Ecumenismo raiz

O almoço estava quase pronto quando Dona Aurora escutou o filho sentando-se no banquinho próximo ao fogão a lenha.

Ele tirou os fones de ouvido e começou a contar:

— Sabia que eu tirei total na prova de redação lá da escola, no simulado do ENEM?

— Que bênção, filho! Orgulhosa de você, pois eu nunca consegui desembaralhar as vistas para escrever direito.

— Mas foi por sua causa que eu fechei a prova.

— Como assim? – disse a mãe, de forma espantada e curiosa, deixando de lado as panelas – Logo eu que nada sei?

— O tema era ecumenismo. A professora deu as explicações gerais, falando que era a unidade de todos os povos, um movimento favorável à união de todas as igrejas cristãs.

— Vixe, filho! É uma palavra muito difícil: ecumenismo…

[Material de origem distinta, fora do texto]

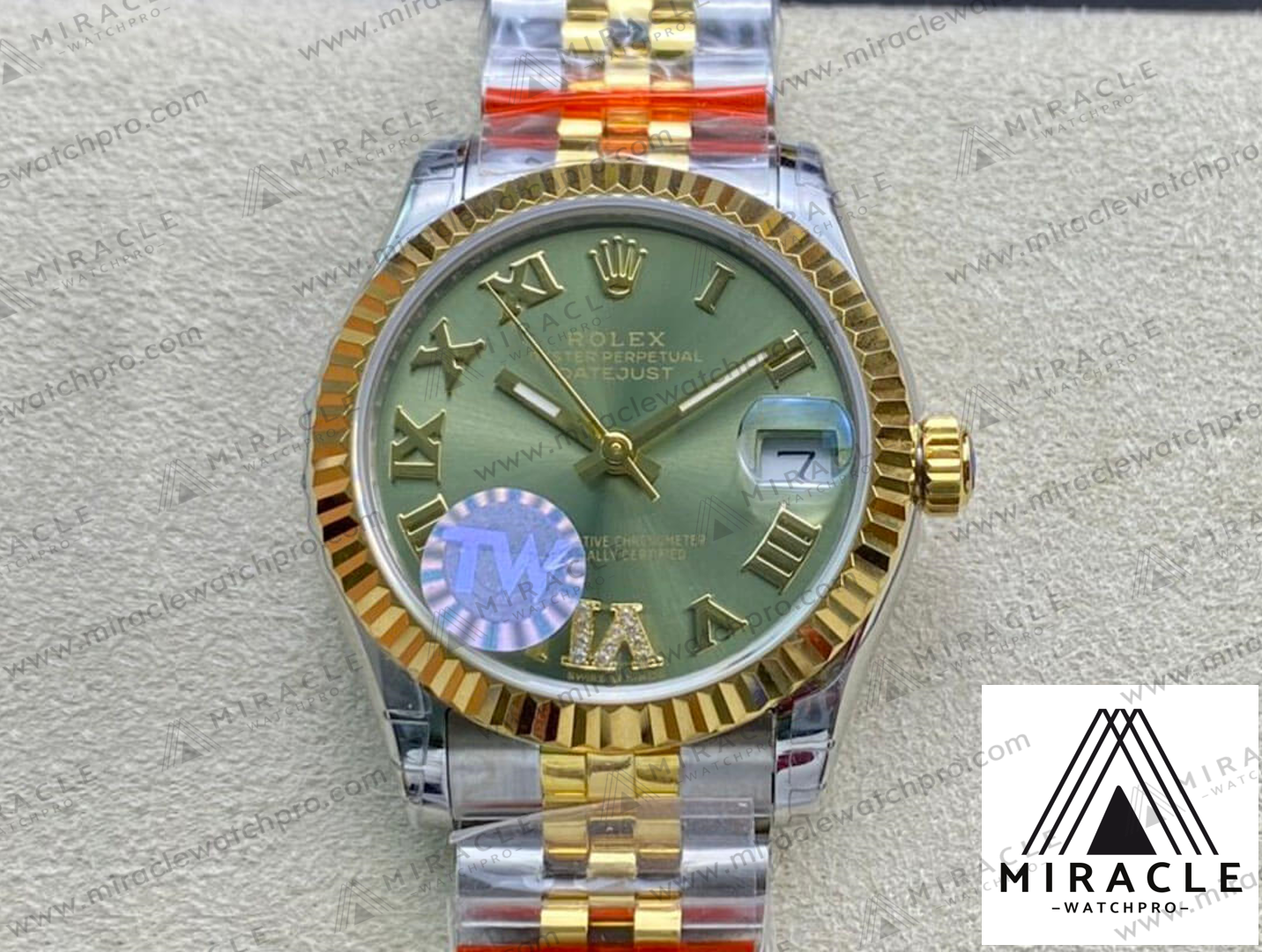 ROLEX-Datejust-REF.178273-ELITE CLONE-31MM-Replica Watch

— Então, mãe, eu me inspirei em sua vida de fé para escrever. Você é ministra da comunhão, é da Pastoral da Saúde e tem amiga de outras religiões, celebram juntas na Campanha da Fraternidade, fazem coisas em comum pelo bem da comunidade. Comunicam entre vocês, de forma respeitosa, qualquer assunto que é interpretado de modo diferente pelas diversas religiões e igrejas aqui em nossa comunidade, mas isso não vira motivo de briga nem de discussão. Cada um “sabe do seu quadrado”, mas estão lado a lado, como se fosse uma engrenagem da minha bicicleta, que funciona em várias marchas. Eu sei disso porque eu fico de fone o tempo todo, mas abaixo o som quando vocês fazem encontros aqui em casa – disse ele, meio envergonhado.

— Que belas palavras filho! Por isso ganhou nota total. Mas é isso mesmo! Somos todos irmãos. A gente reza a vida, por isso, aqui na comunidade, a gente não deixa acontecer a guerra de fé que existe em tantos locais! A gente vai caminhando e encontrando os caminhos. É caminho de comunhão.

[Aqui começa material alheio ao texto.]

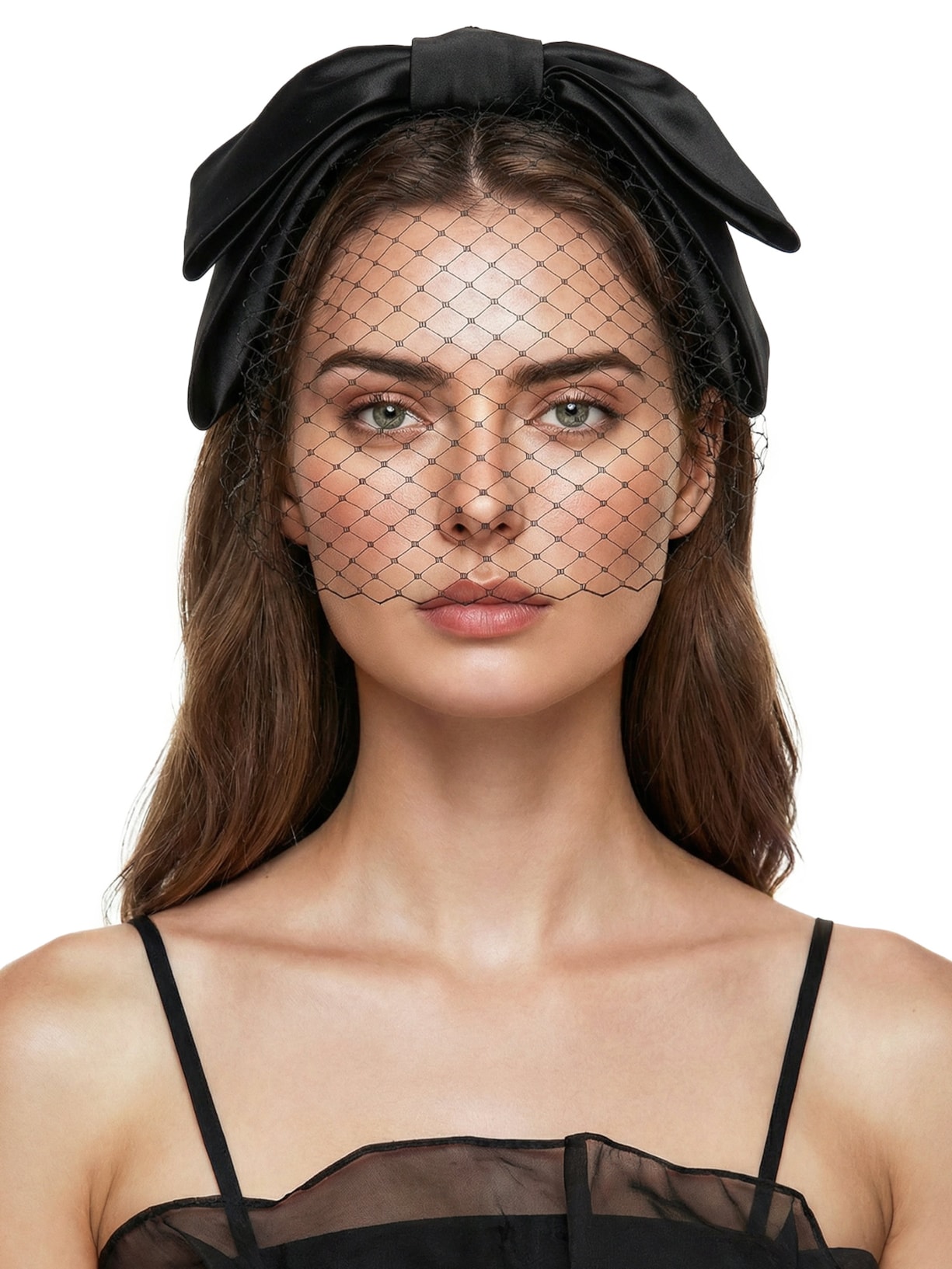 Tiara Sia Preto Matilda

— Na redação, contei também sobre sua emoção quando foi levar comunhão para Dona Maria e o fez ao som dos tambores do filho dela, que soavam como expressão de outro jeito de experimentar a fé. Sabia que o nome disso é diálogo inter-religioso? Aprendi hoje.

— Não sabia, mas meu respeito eu sei que abre portas para o diálogo… Isso eu sei. E eu gosto de conversar, viu!

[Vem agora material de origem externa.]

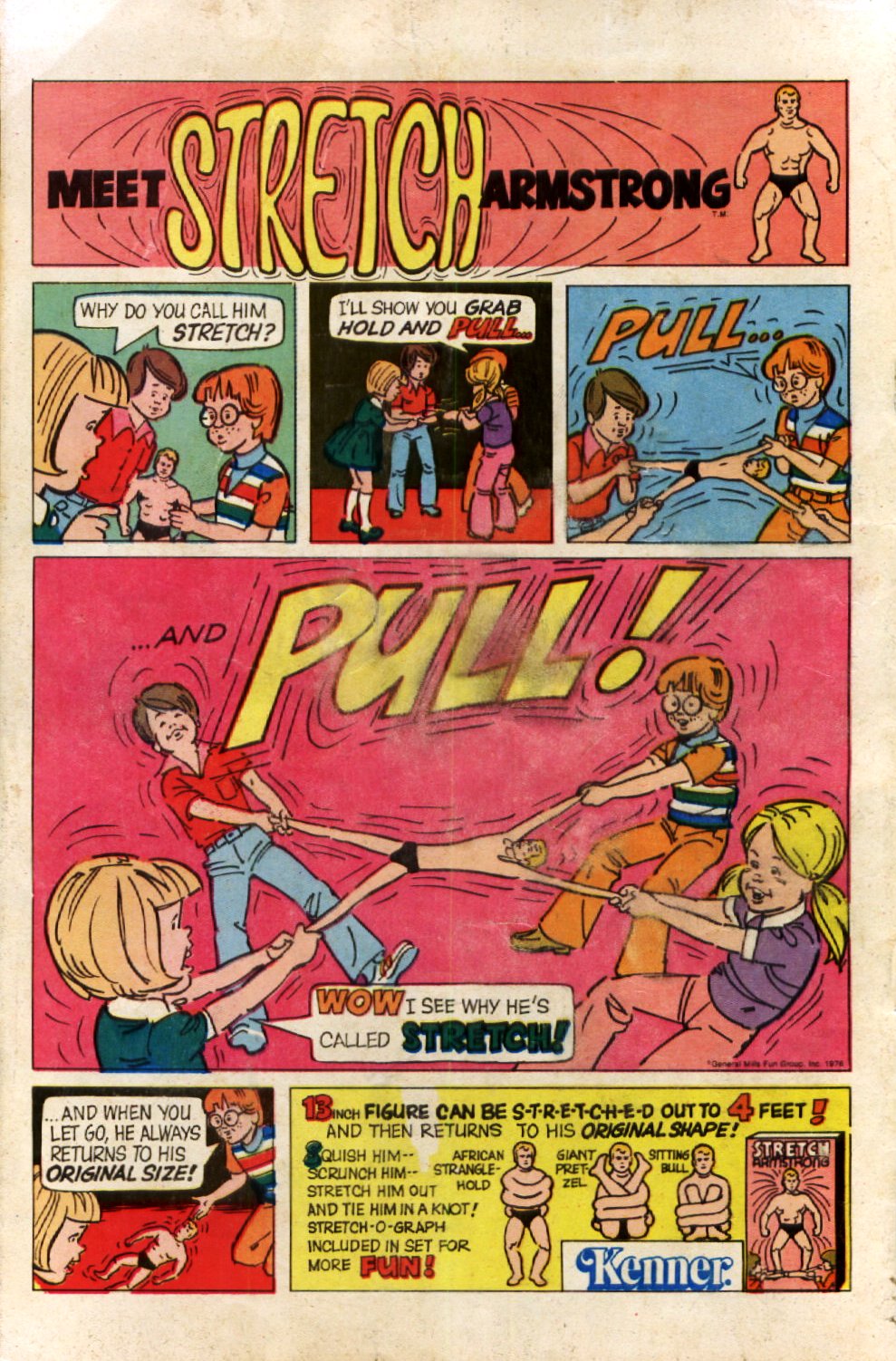 Read online Ghostly Tales comic -  Issue #124 - 36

— Eu terminei a redação falando que toda mudança sempre vem das sementes, que viram raízes, das bases, das experiências cotidianas que vão criando atalhos até que ganham força para apontar caminhos para que as autoridades, lideranças, responsáveis, legisladores, teólogos, estudiosos possam aprofundar no assunto e encontrar soluções, e criar uma estrada mais segura para o povo caminhar.

Essa história aqui imaginada é para nos aproximar da simplicidade quando estamos diante da complexidade. A raiz do ecumenismo é fortalecer a comunhão para anunciar com mais força e alcance.

O Papa Francisco já fez seu apelo: “Encontrar-nos, olhar o rosto um do outro, trocar o abraço de paz, rezar um pelo outro são dimensões essenciais do caminho para o restabelecimento da plena comunhão para a qual tendemos”.

Vamos fazer eco às provocações do Papa, que o caminho ecumênico não é uma escolha, é “uma exigência essencial” de nossa fé, um “requisito” que vem do fato de sermos discípulos de Cristo.

De volta à casa de Dona Aurora, a conversa segue, agora com o prato de comida à mesa, como fazem todo dia…

— Mas filho, conte-me qual vai ser o próximo assunto de sua redação.

— Família no século XXI.

Os dois se entreolharam e sorriram discretamente. Vinha ali uma redação forte e incrível!

Maria José Brant (Deka), assistente social, analista de políticas públicas na Prefeitura de Belo Horizonte-MG, mestra em Gestão Social, mosaicista nas horas vagas.